(Aim of the task)
Go to the line below that has "100547874 | Photo 26", print it and each line after it exactly, and stop after the line that has "Wout van Aert"; leave out pictures.

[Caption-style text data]
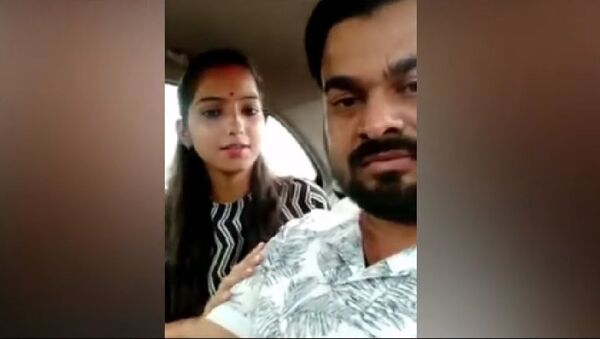 In the video message posted on social media, while requesting that her politician father Rajesh Mishra allow them to live peacefully, Sakshi Mishra announced that she has married a man named Ajitesh Kumar. - Sputnik International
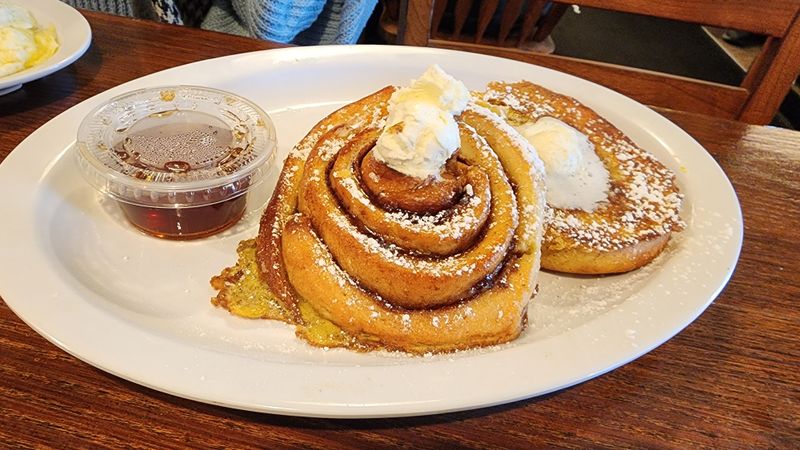 This No-Frills California Restaurant Locals Swear Serves The Best Chicken-Fried Steak In The State - Decor Hint Homemade Cinnamon Rolls That Steal The Show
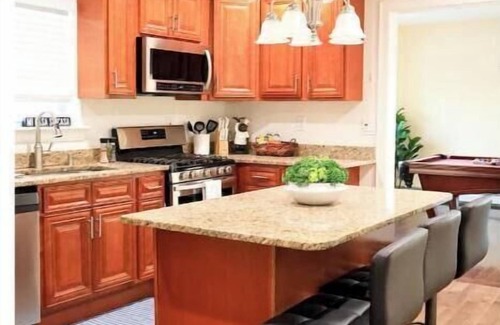 Lynn Apartment | Spacious & Modern House close to BOS & Salem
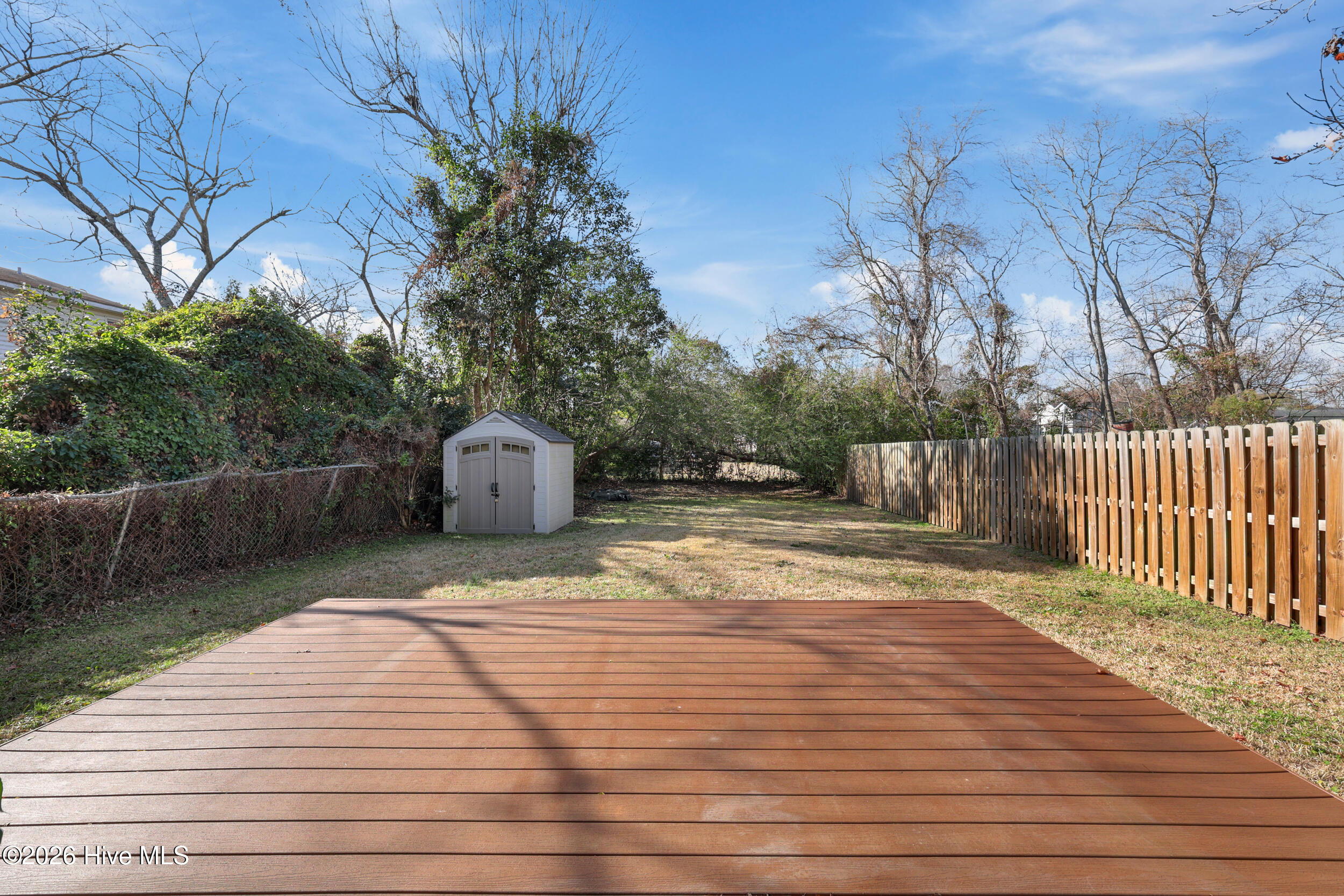 100547874 | Photo 26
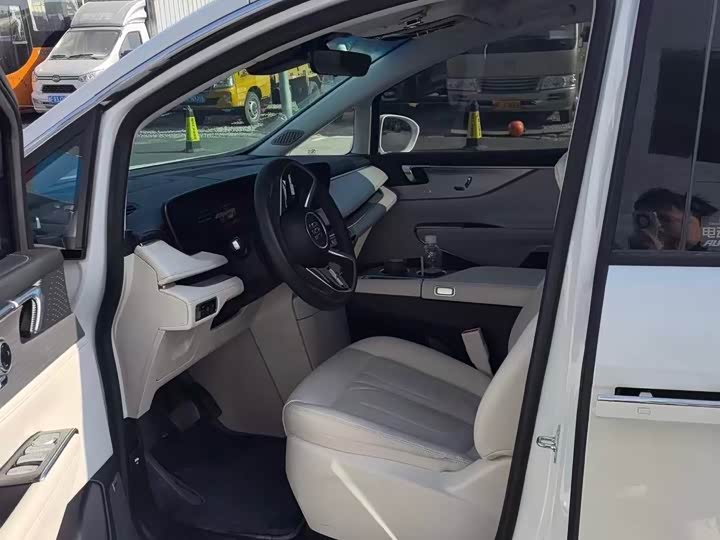 Фото 5 - Buick GL8 Hybrid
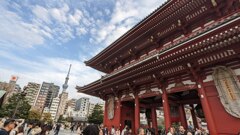 浅草寺境内から見たスカイツリー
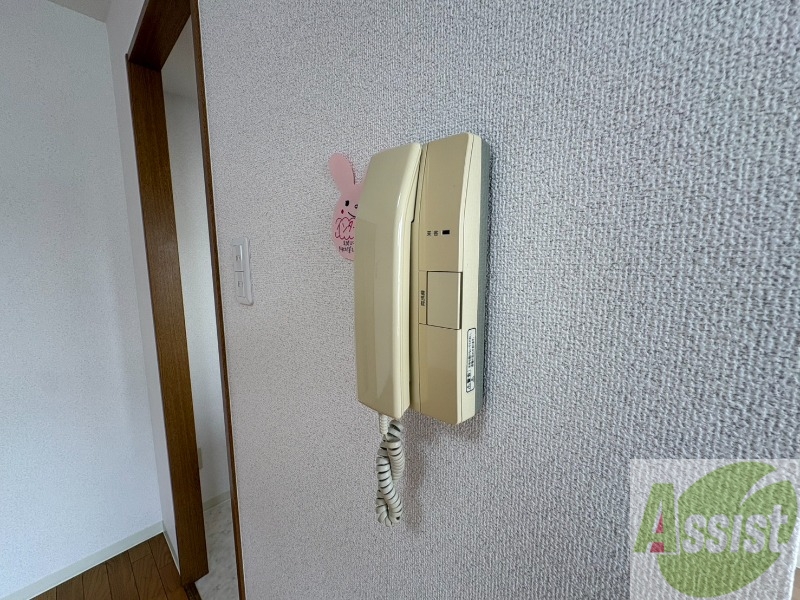 セキュリティ　インターホンは通話ができるので急な訪問があっても安心です。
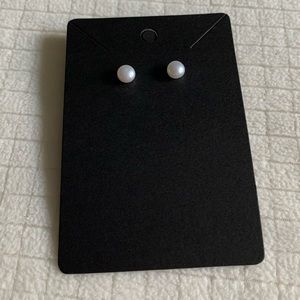 NWOT freshwater pearl earrings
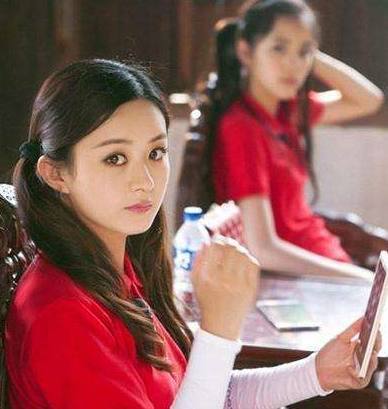 赵丽颖 赵丽颖的双马尾也非常可爱,包子脸的赵丽颖配着可爱的双马尾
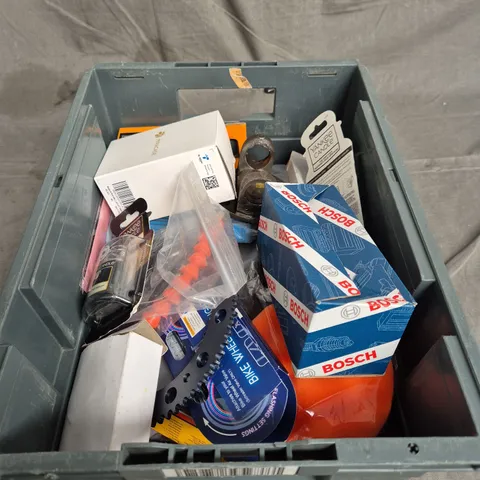 TOTE OF APPROXIMATELY. 15 ASSORTED CAR ITEMS TO INCLUDE PHONE HOLDERS , BIKE WHEEL LED LIGHTS AND PEDAL SETS 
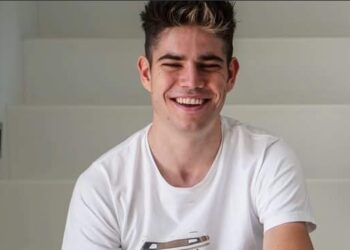 Wout van Aert doet iets wat vroeger niemand kon: De Belgische wielrenner blijft grenzen verleggen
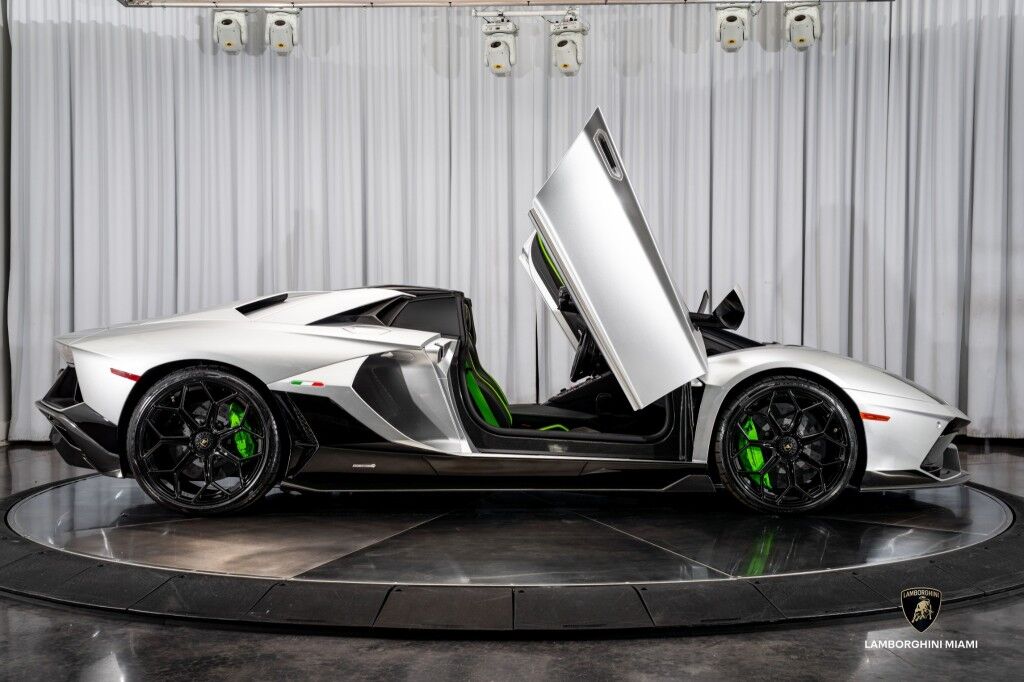2022 Lamborghini Aventador LP 780-4 Ultimae Roadster North Miami Beach FL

(Result for this task)
 100547874 | Photo 26
 Фото 5 - Buick GL8 Hybrid
 浅草寺境内から見たスカイツリー
 セキュリティ　インターホンは通話ができるので急な訪問があっても安心です。
 NWOT freshwater pearl earrings
 赵丽颖 赵丽颖的双马尾也非常可爱,包子脸的赵丽颖配着可爱的双马尾
 TOTE OF APPROXIMATELY. 15 ASSORTED CAR ITEMS TO INCLUDE PHONE HOLDERS , BIKE WHEEL LED LIGHTS AND PEDAL SETS 
 Wout van Aert doet iets wat vroeger niemand kon: De Belgische wielrenner blijft grenzen verleggen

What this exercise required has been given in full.